■ WHAT TO DO
Every picture is to be removed, and all the data is to be copied exactly.

# # #

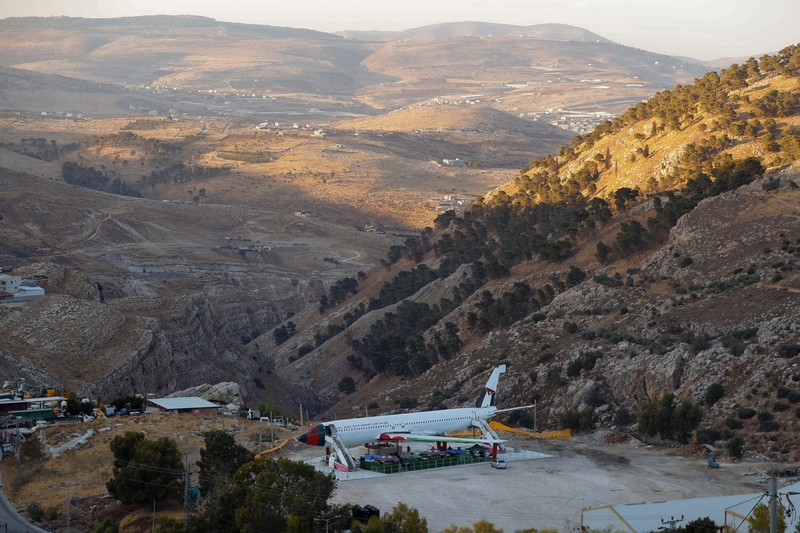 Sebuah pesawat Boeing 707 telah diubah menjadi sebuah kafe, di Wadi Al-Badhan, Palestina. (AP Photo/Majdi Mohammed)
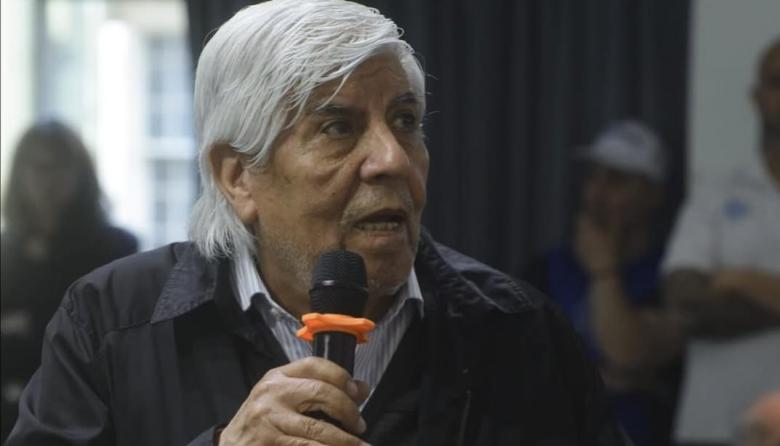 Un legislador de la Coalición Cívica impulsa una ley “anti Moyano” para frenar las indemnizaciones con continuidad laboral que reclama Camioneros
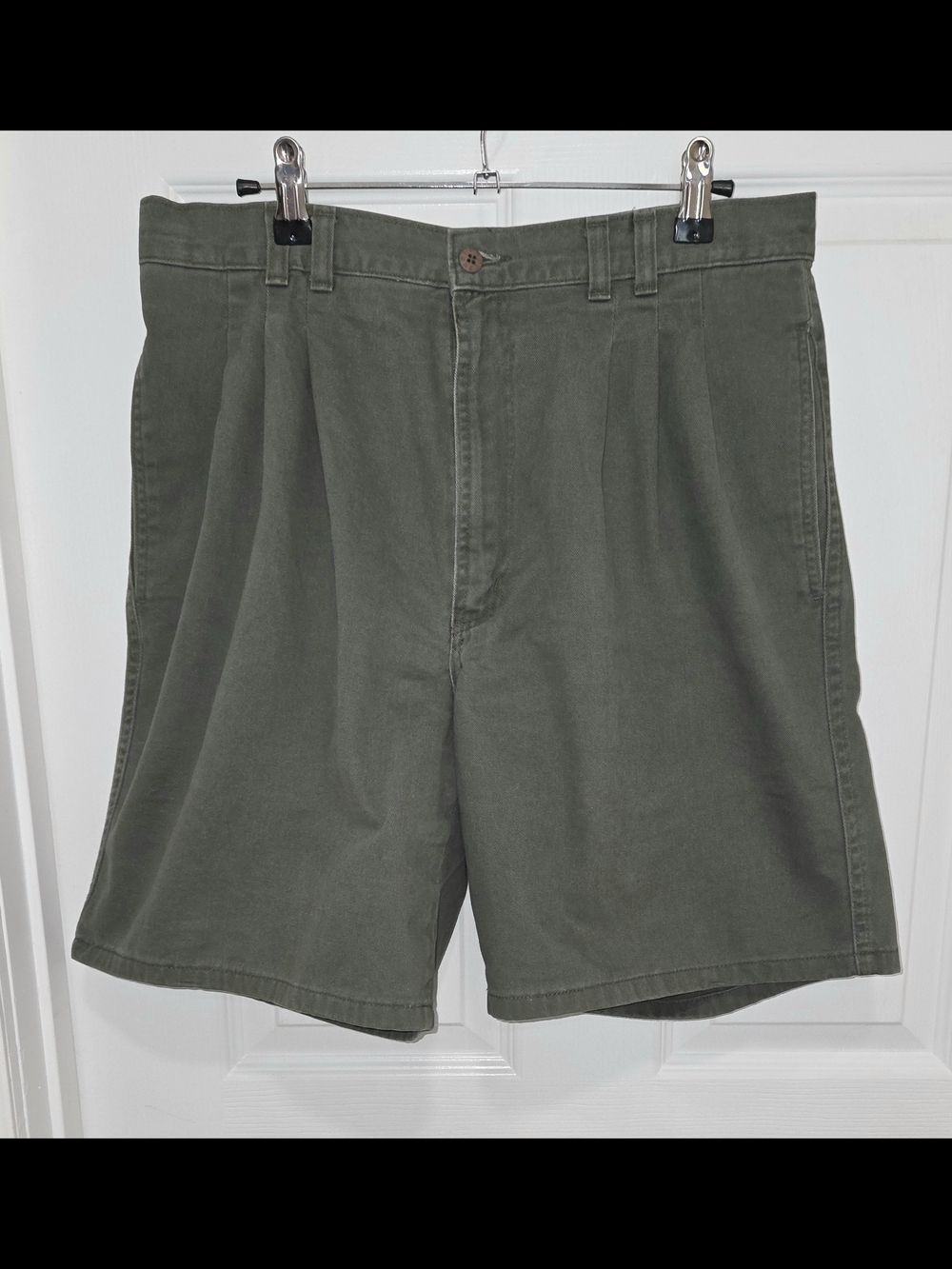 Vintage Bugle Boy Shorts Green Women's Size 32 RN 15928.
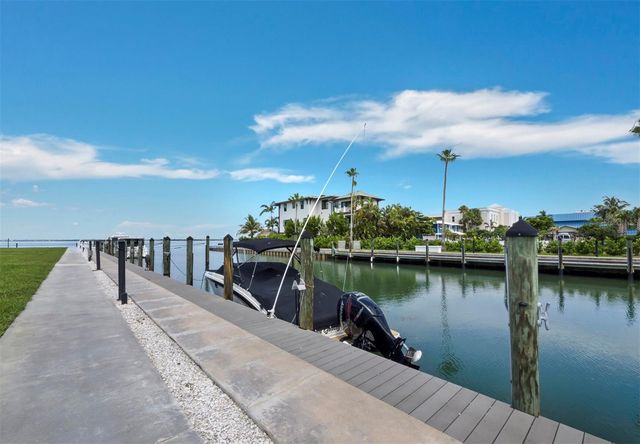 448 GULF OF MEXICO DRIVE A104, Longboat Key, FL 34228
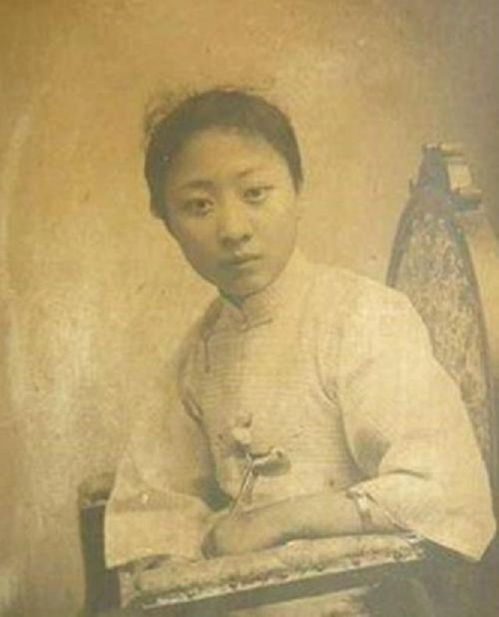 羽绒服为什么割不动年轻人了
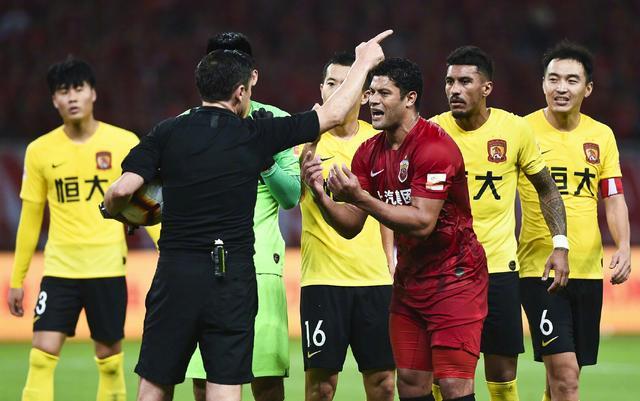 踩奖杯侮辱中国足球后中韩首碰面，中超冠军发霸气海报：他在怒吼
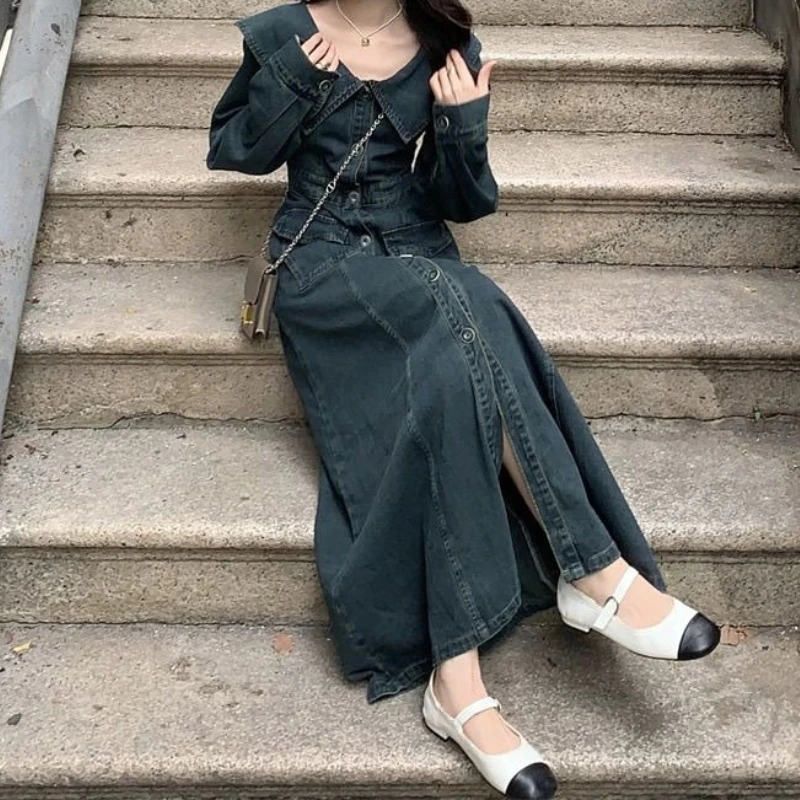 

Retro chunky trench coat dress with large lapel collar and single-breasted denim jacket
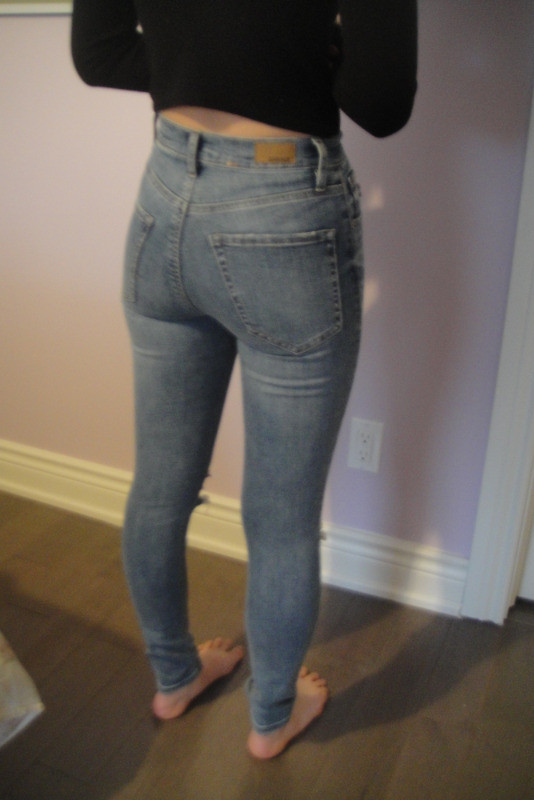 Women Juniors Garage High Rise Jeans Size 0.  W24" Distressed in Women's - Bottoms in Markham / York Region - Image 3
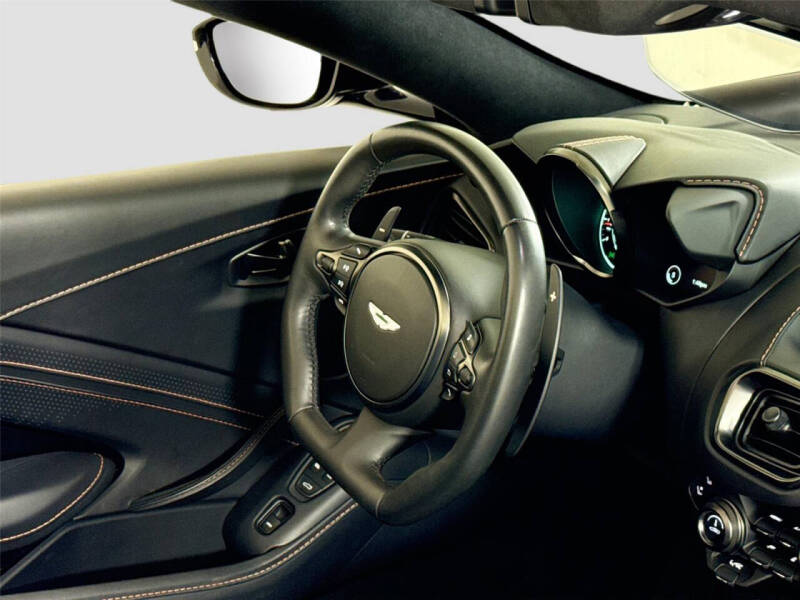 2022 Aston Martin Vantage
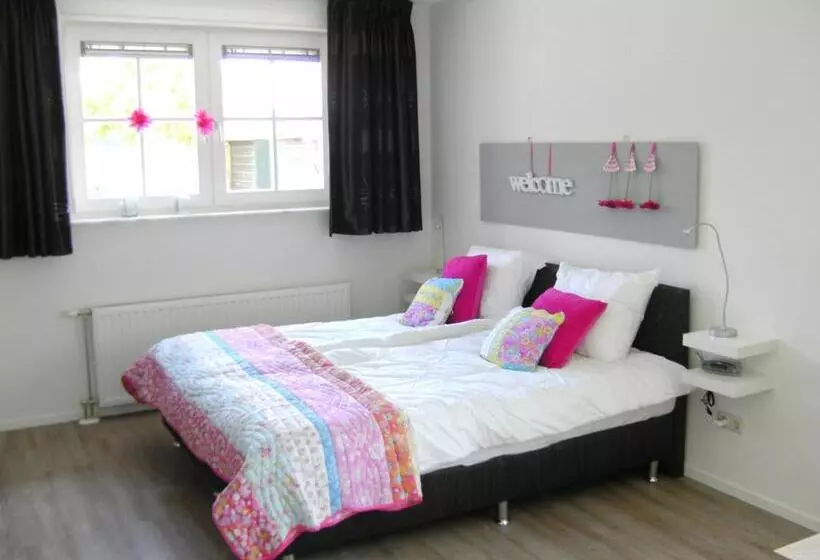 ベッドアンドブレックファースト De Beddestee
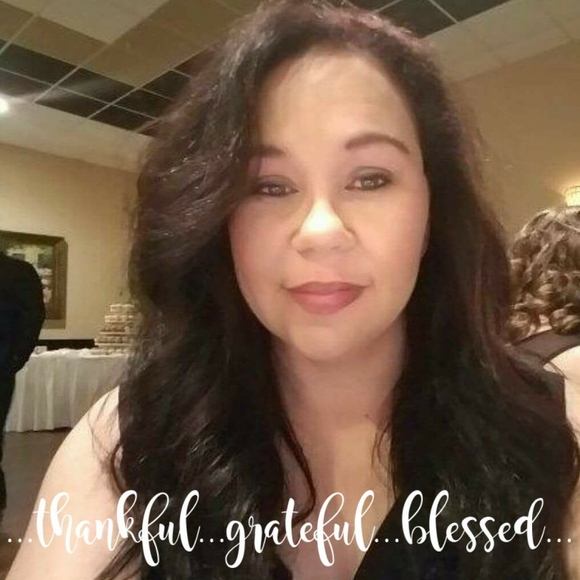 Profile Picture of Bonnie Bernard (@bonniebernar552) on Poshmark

# # #

■ EXERCISE OUTPUT
 Sebuah pesawat Boeing 707 telah diubah menjadi sebuah kafe, di Wadi Al-Badhan, Palestina. (AP Photo/Majdi Mohammed)
 Un legislador de la Coalición Cívica impulsa una ley “anti Moyano” para frenar las indemnizaciones con continuidad laboral que reclama Camioneros
 Vintage Bugle Boy Shorts Green Women's Size 32 RN 15928.
 448 GULF OF MEXICO DRIVE A104, Longboat Key, FL 34228
 羽绒服为什么割不动年轻人了
 踩奖杯侮辱中国足球后中韩首碰面，中超冠军发霸气海报：他在怒吼

Retro chunky trench coat dress with large lapel collar and single-breasted denim jacket
 Women Juniors Garage High Rise Jeans Size 0.  W24" Distressed in Women's - Bottoms in Markham / York Region - Image 3
 2022 Aston Martin Vantage
 ベッドアンドブレックファースト De Beddestee
 Profile Picture of Bonnie Bernard (@bonniebernar552) on Poshmark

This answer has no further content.